Musculoskeletal Services
We have started work to transform our musculoskeletal (MSK) services to improve the service for our patients and staff. Our ambition is to strengthen our community provision over the next five years to improve the care that people receive.
Our community MSK services include a range of specialisms and departments which are delivered by a number of providers with different referral routes, care pathways and operational practices. This has led to patients and clinicians often feeling frustrated by the time it takes for patient information to be passed from one service to another, resulting in delays to care and treatment.
By enabling our highly skilled teams across these services to work more closely and share patient information easily through a more joined up MSK model, we can remove these barriers and ensure people can access and move through and between our MSK services more smoothly.
The MSK programme of transformation is about making the referral process simpler, ensuring patients are seen by the most appropriate clinician, and reducing waiting times.
We are not proposing to reduce services nor limit the treatment options that are currently provided.
The transformation will be delivered in three phases over the coming years in partnership with people who use the services, our staff and stakeholders.
To read our frequently asked questions, please click here Musculoskeletal Transformation Programme FAQ May 22(002)
To help shape the transformation of our Musculoskeletal services in Shropshire, Telford and Wrekin, we asked people who have used the services to share their experiences and their views about what they will look like in the future.
The feedback we received from our survey captured what was good about the services and identified opportunities where things could be improved.
People’s responses strongly reflected their positive views of our staff and how they were treated.

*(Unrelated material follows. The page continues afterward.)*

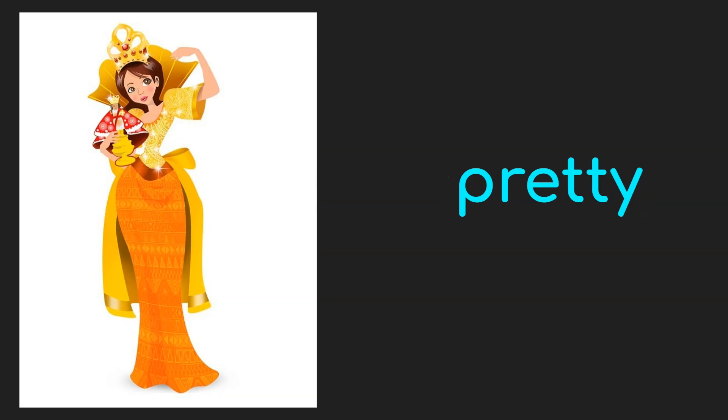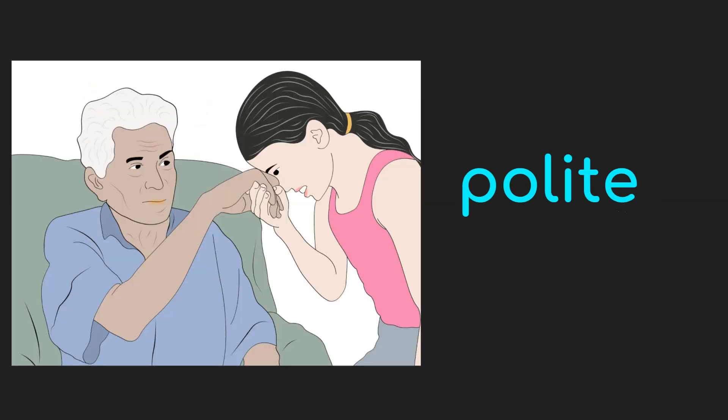Next. Over here, we can see a lady or a woman, and we can say that she is a pretty lady. Next. In this picture, we can see an old man and a girl, wherein the girl is showing some respect to the old man. That is why we can say that she is polite.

They told us that they felt respected and listened to when they are undergoing treatment and felt involved in making decisions about their care.
The findings from the survey also suggest areas where we might be able to make improvements. These include: reducing the time between referral to treatment; providing more joined-up services; ensuring people have access to advice when they need it; and timely communications to patients.

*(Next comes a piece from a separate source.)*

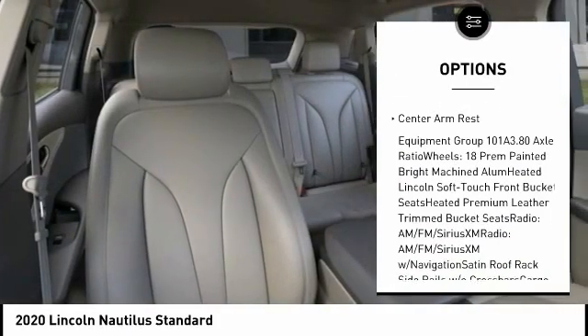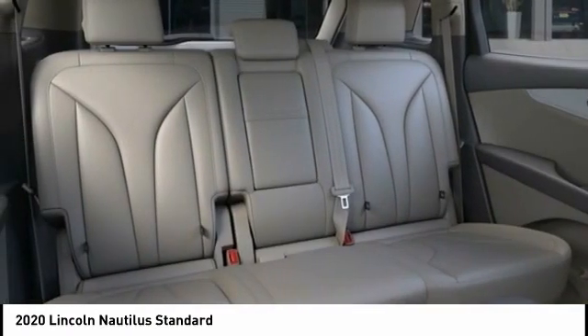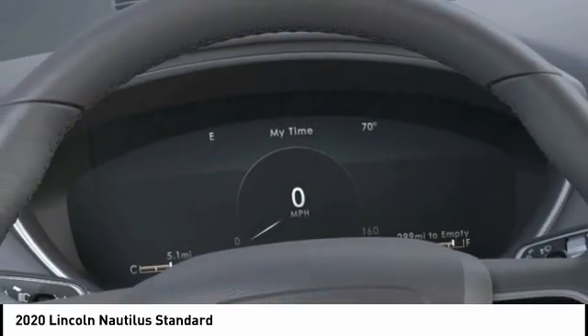Dual airbags, alloy wheels, power steering, four-wheel disc brakes, center armrest. This isn't just a vehicle, it's an experience. So stop in for a test drive today.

Views about the future service model were positive. People agreed that a single referral process, multi-disciplinary triage teams, closer working between services and earlier therapy intervention will all help to deliver a better experience.
Whilst the number of responses is only a portion of the number of people accessing our services, it gives us a starting point to explore how our services can build on and learn from this insight.
For example, we are undertaking some specific engagement with our rheumatology patients. This will help us to better understand their experiences, share changes that have been made to improve the service since the survey, check the impact of those changes and together identify what else we can do.
This feedback is hugely valuable to help shape our services. We are really grateful to those who shared the survey and everyone who took the time to complete it.